Cesena, 27 ottobre 2017 - Una città che ha la pretesa di attirare turisti, deve avere la volontà di cercare oggetti in grado di conquistare l’interesse dei visitatori. E molto spesso il posto migliore dove cercare è sotto terra, scavando alla ricerca del passato più munifico.

E’ il pensiero di Luciano Terranova, presidente della sezione cesenate di Italia Nostra, della quale fa parte ininterrottamente da 42 anni. Anche lui interviene nel merito del dibattito sempre più partecipato scaturito all’indomani della scoperta del mosaico di epoca romana tornato alla luce in via Strinati. «E’ ormai acclarato - riflette Terranova – che sotto l’asfalto del nostro centro storico si nascondono cimeli di grande valore che meritano di essere offerti alla città. In quest’ottica non andare a fondo coi sondaggi in piazza della Libertà è stata una terribile occasione persa, che spero si possa colmare nel prossimo futuro durante la realizzazione del progetto delle ‘Tre piazze’ davanti alla Biblioteca Malatestiana».

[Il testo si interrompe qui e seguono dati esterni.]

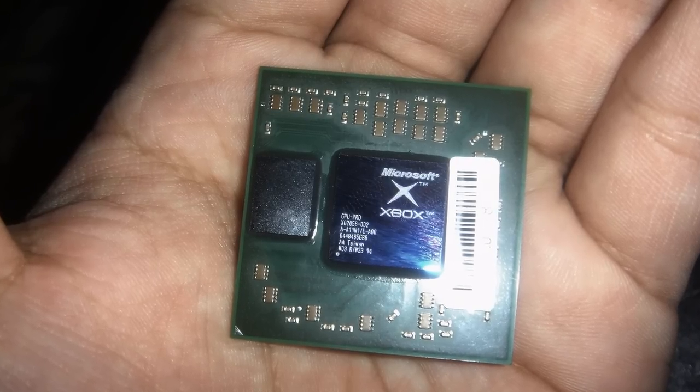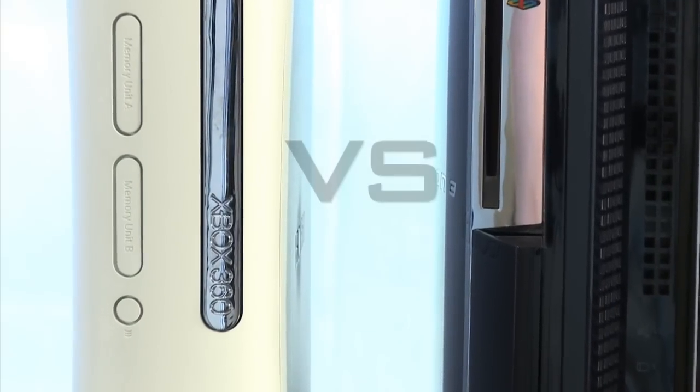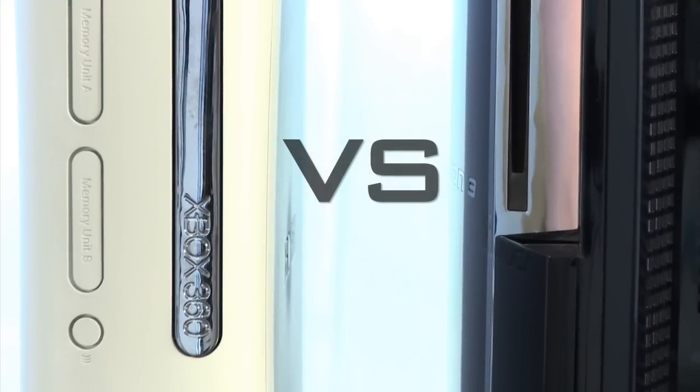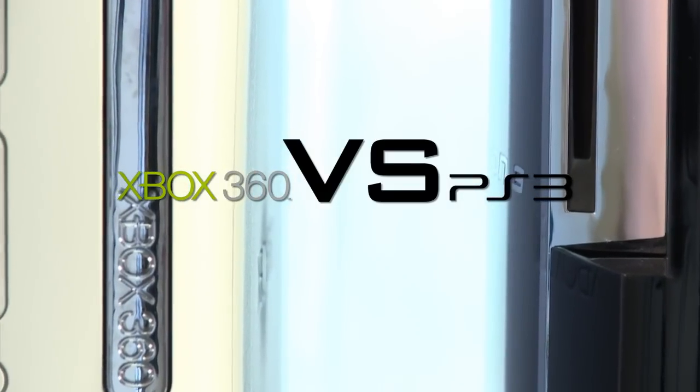This is going to be the single most technical round in this series of videos, so put on your thinking caps and get ready for some heavyweight game console action. It's LP from TechnoBuffalo and welcome to the next installment of the console wars.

Nell'immediato intanto l’attenzione è focalizzata sull’ultimo ritrovamento: «Il mosaico di via Strinati è un gioiello ulteriormente impreziosito dalle raffigurazioni animali. E’ giusta la decisione di allargare lo scavo quanto più possibile per poi valutare come asportare l’opera d’arte».

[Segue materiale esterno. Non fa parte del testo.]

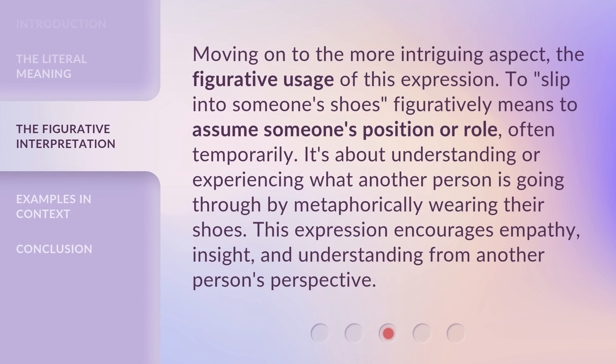Moving on to the more intriguing aspect — the figurative usage of this expression. To slip into someone's shoes figuratively means to assume someone's position or role, often temporarily. It's about understanding or experiencing what another person is going through by metaphorically wearing their shoes.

Italia Nostra ha organizzato per metà ottobre un incontro pubblico al quale parteciperanno diversi esperti del settore che si focalizzeranno sullo stato della cultura della nostra città: «Sul tavolo ora come non mai ci sono tanti temi, che affronteremo presentando una serie di proposte. Anche alla luce degli ultimi fatti, diventa fondamentale affrontare seriamente il tema del Museo della Città: se l’amministrazione comunale avesse iniziato a muoversi dieci anni fa dopo che l’allora sindaco Conti aveva lanciato l’idea e i primi progetti, oggi magari avremmo già i finanziamenti necessari alla realizzazione. Pure il mosaico di piazza Fabbri ora ‘provvisoriamente’ ospitato nel salone del palazzo comunale, sta aspettando da tempo una sistemazione definitiva».

A oggi l’unica opzione è il museo archeologico, che nei giorni scorsi l’assessore alla cultura Christian Castorri ha annunciato di voler migliorare, modernizzare e magari anche trasferire sfruttando i suggestivi spazi del chiostro di San Francesco e i locali dell’Archivio di Stato. «Un intervento - chiude Terranova - è doveroso, perché quei locali più che un museo sembrano un deposito, senza contare i tantissimi oggetti già ritrovati che non sono ancora stati messi a disposizione del pubblico. In un luogo così, pure un gioiello come il mosaico rischierebbe di passare inosservato».